◆ **EXERCISE DIRECTIONS**
Reproduce word for word the line holding "荆州去重庆长江索道一日" and all lines after it in the data, through the end, leaving out pictures.

________________________

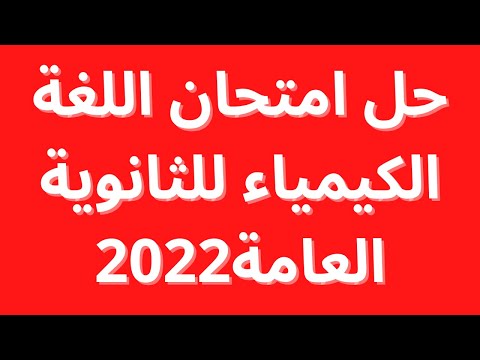 إجابات امتحان الكيمياء للصف الثالث الثانوي 2022 حل امتحان الكيمياء 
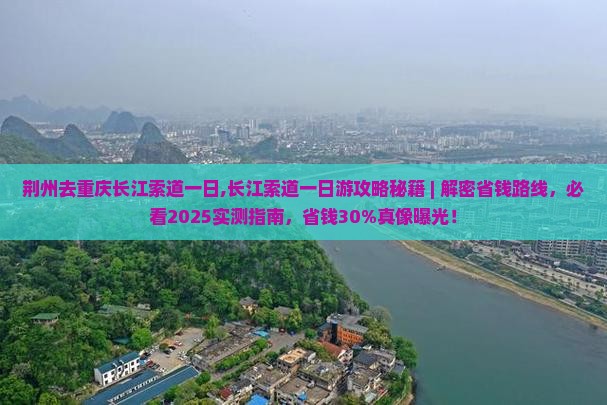 荆州去重庆长江索道一日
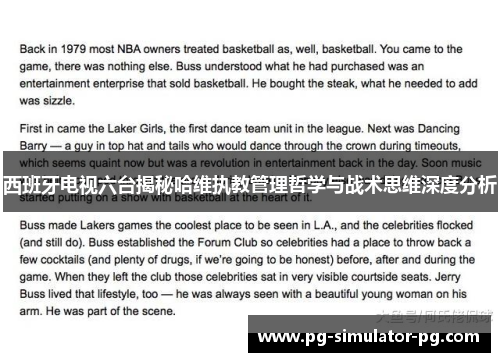 西班牙电视六台揭秘哈维执教管理哲学与战术思维深度分析 西班牙电视六台揭秘哈维执教管理哲学与战术思维深度分析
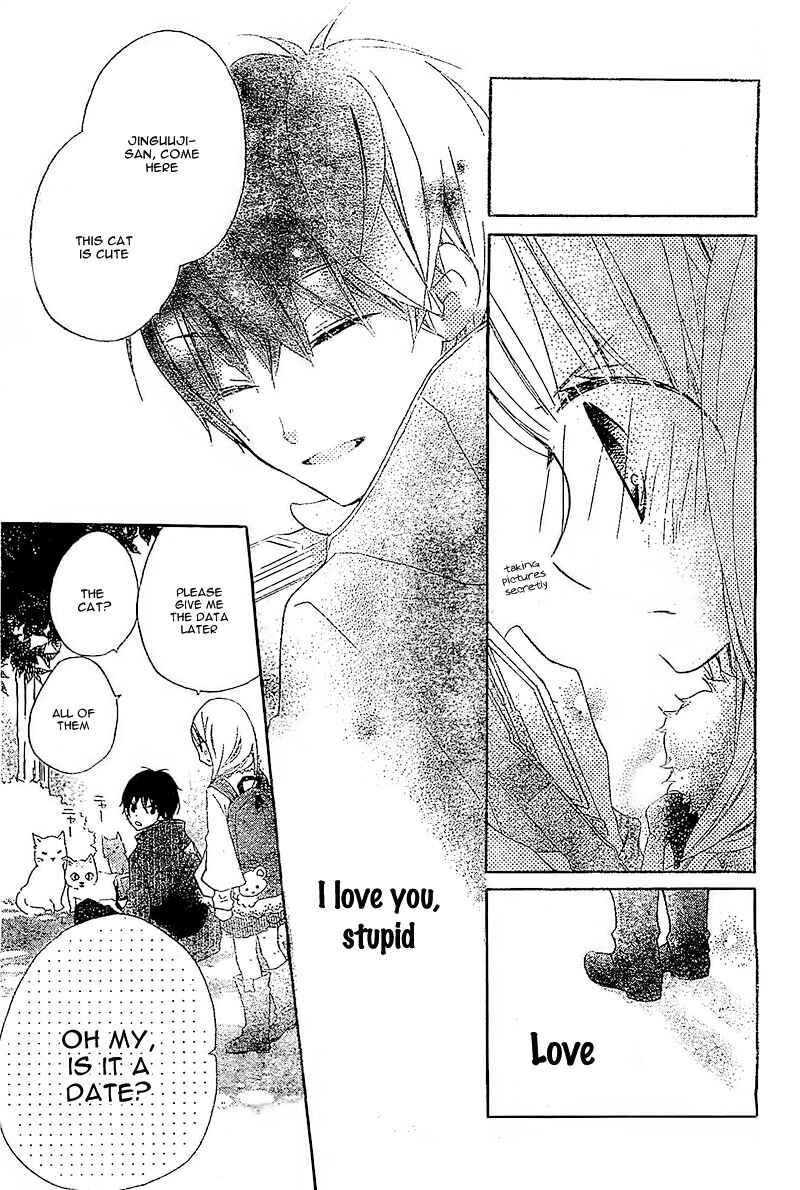 Page 18 Chapter 2 Uso Kano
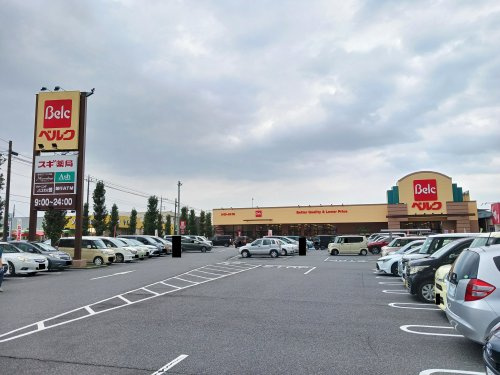 ベルク上尾春日店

________________________

◆ **TASK OUTPUT**
 荆州去重庆长江索道一日
 西班牙电视六台揭秘哈维执教管理哲学与战术思维深度分析 西班牙电视六台揭秘哈维执教管理哲学与战术思维深度分析
 Page 18 Chapter 2 Uso Kano
 ベルク上尾春日店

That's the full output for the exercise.